Derek Jones from The Shape of Code

What statistical techniques are of general usefulness for analyzing software engineering data?

The answer depends on the kinds of data likely to be encountered, in software engineering, and the questions likely to be asked.

When I started working on a book, aiming to cover all worthwhile publicly available software engineering data, I was hoping to refer readers to a book (or two) that they ought to read to learn the appropriate techniques. Kabacoff’s “R in Action” comes closest to the book I had in mind as a basic introduction, but there was nothing covering a wider range of topics; so I ended up writing something; I found Crawley’s “The R book”, to be the best book on the subject.

My answer to the kinds of data likely to be available was to work with all the software engineering data I could get obtain (around 600 data sets to date).

What questions should be asked about the data? My selection of questions was driven by whether the data was used in the software engineering half of the book, or the statistical analysis techniques half.

The software engineering material consists of the chapters: Introduction, Human cognitive characteristics, Cognitive capitalism, Ecosystems, Projects, Reliability and Source code. The data appeared in one of these chapters if it could be used to make (what I thought was) a practical point about the topic being discussed.

Data appeared in the statistical analysis techniques chapters, if it could be used to illustrate the technique under discussion.

What happened in practice was the software engineering material was worked on for a year or two, on realizing that bespoke statistical analysis material was needed the existing data was plundered to create the necessary chapters; after this was released, work switched back to the software engineering material (using unplundered and newly acquired data), and of course the earlier chapters plundered data from the yet to be worked on chapters.

This seems to have worked surprisingly well, at least from my perspective of keeping the production line going.

Now most if the data has been analyzed, it’s time to take a global overview and where necessary shuffle things around.

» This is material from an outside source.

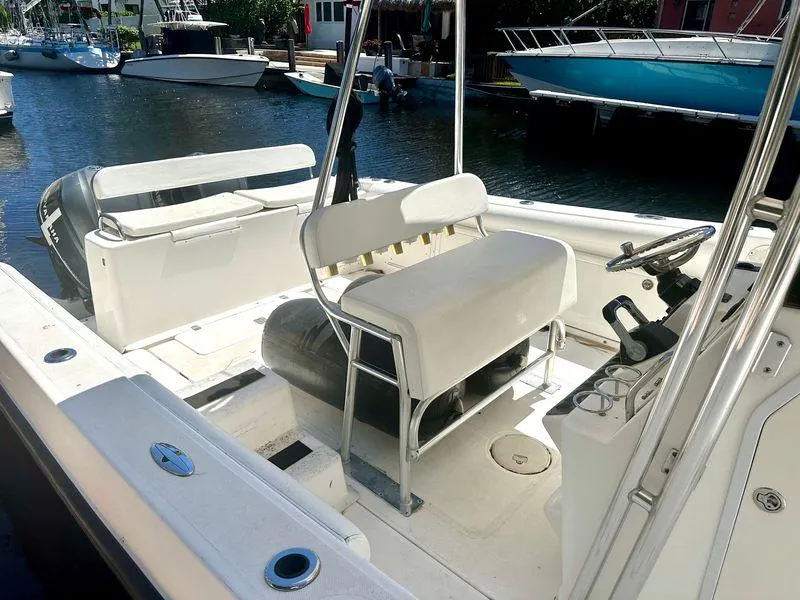 Slide: The Image of 2005 Century 3200 Center Console boat interior with seating and steering wheel, docked by the water. - 4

I may find that everything is a complete mess; we shall see.

What techniques have I found to be useful?

The number 1, most useful data analysis technique is building a regression model. The one thing I have been consistently able to do, when analyzing other people’s data, is extract more information from it than they did (unless they also built a regression model); at times it has been embarrassing.

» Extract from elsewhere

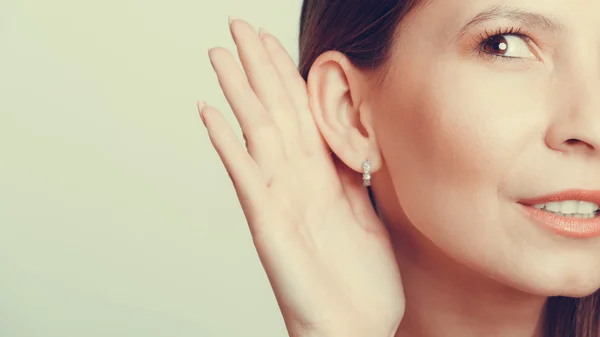 Klatschmädchen belauscht mit der Hand ins Ohr. — Stockfoto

At number 2, is bootstrapping. Many widely used techniques only give accurate answers if the data has a normal/gaussian distribution and use of these techniques can involve a lot of arm waving involving claims about the data having a good-enough gaussian-like distribution. This arm waving was necessary before computers became available, because the practical manual techniques required a gaussian distribution. Now we have computers and techniques that don’t require any particular distribution can be used, and which in some cases are more powerful techniques than those designed for manual implementation.

Sitting here, I cannot think of a number 3; there might be one.

What techniques are not generally useful? The various tests containing some combination of the names Wilcoxon, Mann and Whitney are well past their sell-by date. Searching the source of the book I see these names still appear in one or two places; this is a hangover from the early versions from many years ago (when I was following the clueless herd) and will soon be gone.

I thought that extreme value theory might apply to some data, but have only found one data-set to which it might be applied (so not generally useful).

I spent a lot of time watching out for zero-inflated data (data containing more zero values than expected by the common probability distributions). I saw four/five papers containing plots of data that looked zero-inflated and emailed the authors asking for the data (who kindly sent it to me). None of the data turned out to be zero-inflated (I’m not sure what the authors thought about being asked for data that somebody thought was zero-inflated). This does not mean that software engineering data is not zero-inflated, only that it is not common.

My zero-inflated search was motivated by the occasional appearance of zero-truncated data (data with that does not contain zero values). Zero-truncated data occurs when counting starts at one, rather than zero (I have one data-set that is 0/1 truncated; the counting starts at 2).

I was surprised that time-series did not turn out to be widely useful.

Sometimes we are all clueless button pushers, so machine learning gets a few pages. Anybody who knows what they are doing builds regression models.

I will eventually get around to counting how many times each technique is used on the data I have (watch this blog, but don’t hold your breath).